Sonntag, 11. September 2011 | Text: Sonja Alexa Schmitz | Bild: Zentolos

Geschätzte Lesezeit: 4 Minuten

Wenn wir Obst essen, dann kommt es aus dem Supermarkt, oder wir haben es vom Markt. Der eine oder andere hat vielleicht einen Garten, in dem ein Obstbaum steht, oder Eltern und Grosseltern, die einem beim Besuch, ein paar Äpfel, Pflaumen, Himbeeren oder Nüsse aus dem eigenen Garten mitgeben. Und sonst? Was ist mit den Bäumen, an denen man beim Spazierengehen vorbei kommt? Sieht die überhaupt jemand? Mir fallen sie immer auf, und ich sehe sie als kostbare Schätze. So schlaraffenlandmäßig stehen sie da und bieten sich mir an. Ich denke an Frau Holle. Da bittet der Apfelbaum: „Ach schüttel mich, schüttel mich, meine Äpfel sind alle miteinander reif!“ Dem Aufruf folge ich gerne. Leider sind ja die unteren meistens schon abgeerntet. Manchmal aber auch nicht, und dann frage ich mich, warum eigentlich nicht?

 

Wie können Menschen daran vorbeigehen und nicht mal dran zupfen? So einen leckeren Apfel „to go“. Einfach so, ohne anstehen, ohne wiegen ohne bezahlen, und dazu noch das Gefühl von Ursprünglichkeit und Kinderglück. Gut, der leidende Apfelbaum bei Frau Holle war vermutlich herrenlos. Kein Bauer da, der ihn erleichterte.

 

 

Wem gehören all die Bäume? Gibt es Besitzer? Ich rede mich, wenn ich zu spontanem Pflücken komme, gerne damit raus, dass ich ja nur eben ein oder zwei Äpfel, Birnen, oder eine kleine handvoll Pflaumen, das, was ich halt gerade verzehren mag, mitnehme. Denn vermutlich ist es illegal, was ich da mache. Die meisten Bäume gehören jemandem, auch wenn sie nicht eingezäunt sind.
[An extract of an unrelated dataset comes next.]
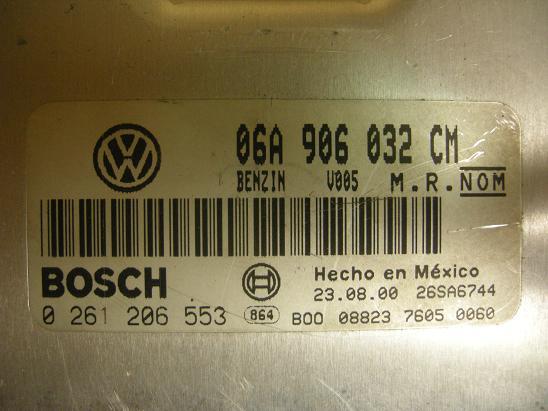Блок управления двигателем AUDI, VW 06A906032CM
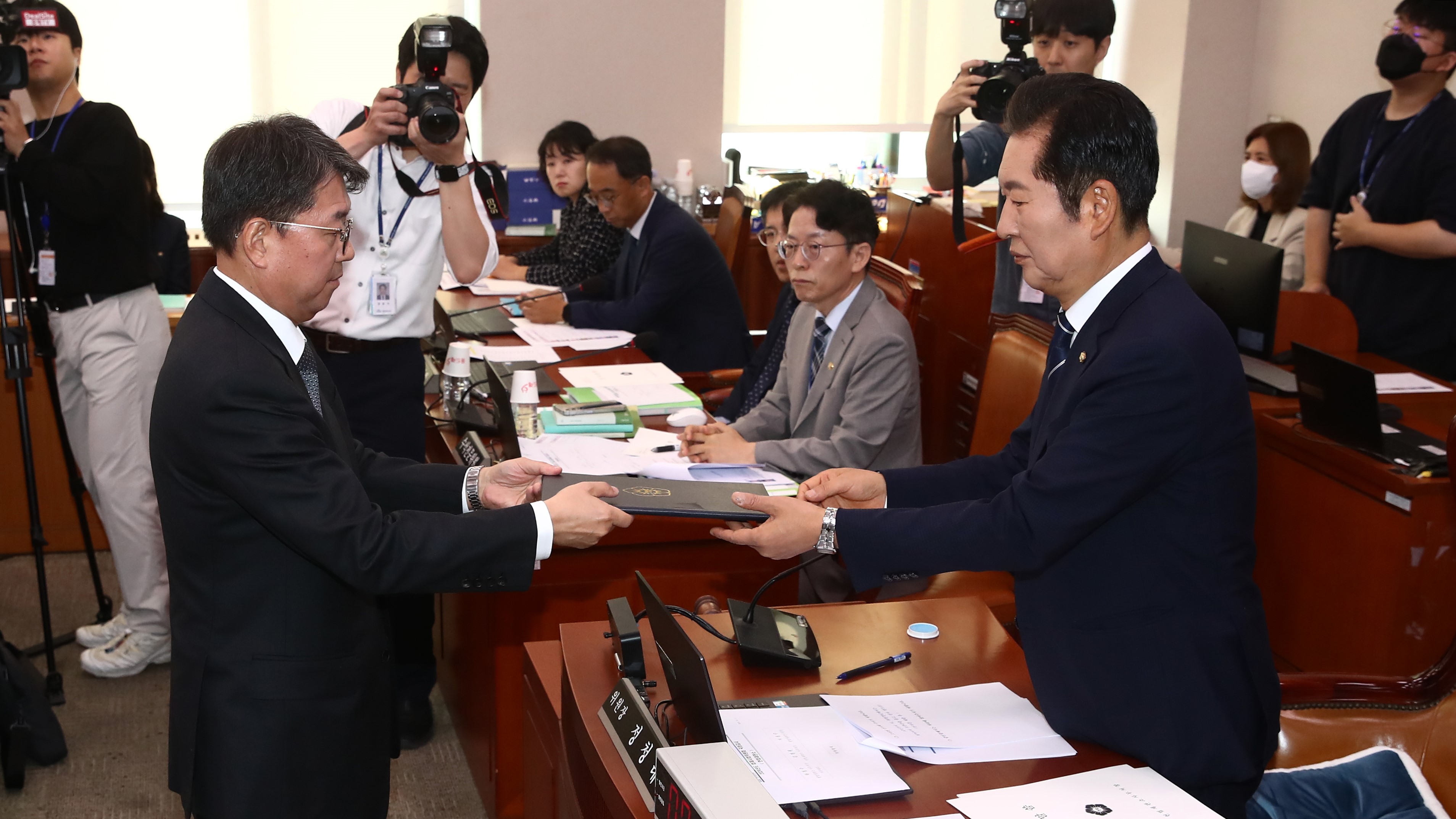 김정원 헌법재판소 사무처장이 12일(금) 국회 법제사법위원회(위원장 정청래) 국정감사에 출석해 증인선서를 하고 있다.(사진=뉴스1)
Und auch wenn jeder, der vorbei kommt, „och, nur ein oder zwei Früchtchen“ mitnimmt, dann ist der Baum schnell leer gepflückt.

 

Aber es gibt Rettung im Obstbaumdschungel: die Internetseite www.mundraub.org. Hier erfährt man, wo man mit gutem Gewissen ernten darf. Kai Gildhorn aus Berlin hat diese Seite mit Gleichgesinnten aufgebaut. Die Idee dazu hatte seine Freundin, bei einer gemeinsamen Paddeltour durch Sachsen-Anhalt, wo sie an zig Obstbäumen vorbeiruderten, und dem Obst beim Verfallen zusehen mussten.

 

Auf der Internetseite sieht man eine virtuelle Karte, mit lauter Fähnchen, die einem signalisieren, welches Obst hier zu finden ist. „Frei verfügbares Obst und Gemüse“ wird es genannt. Man klickt auf die entsprechende Region und zoomt sich ran. Ich zoome auf die Südstadt, und hier sieht es nicht sehr fruchtbar aus. Lediglich ein Eintrag, auf dem steht: „Mirabelle in Köln. Mir ist beim Einkaufen ein Mirabellenbaum aufgefallen. Der steht an der Haltestelle Severinsstraße. Die Gasse hat keinen Namen. Ist neben der Brücke auf Seite Stadtarchiv. Der Baum steht am Wegesrand.“ Die Macher der Seite haben keine wirtschaftlichen Interessen. Nur das pure Interesse am logischen Handeln.

 

Warum Äpfel aus Neuseeland kaufen, wenn sie vor der eigenen Haustür vom Baum fallen?! Man kann hier also seinen Tipp für freies Obstpflücken abgeben. Man verrät sozusagen sein Geheimnis. Und das gefällt mir so gut. Fast noch mehr als die Initiative an sich, rührt mich, dass Menschen zu teilen bereit sind. Seien wir doch mal ehrlich, wenn ich irgendwo wild pflücke (zum Beispiel Brombeeren in Porz, in Rheinnähe, so jetzt habe ich mein Geheimnis auch verraten), dann gucken mich doch alle Vorbeigehenden böse an. Ich frage mich warum!? Vermutlich weil sie selber gerne die Schätze geerntet hätten. Ich versuche es also, und möchte den Menschen ihre geheimen Pflückstellen entlocken.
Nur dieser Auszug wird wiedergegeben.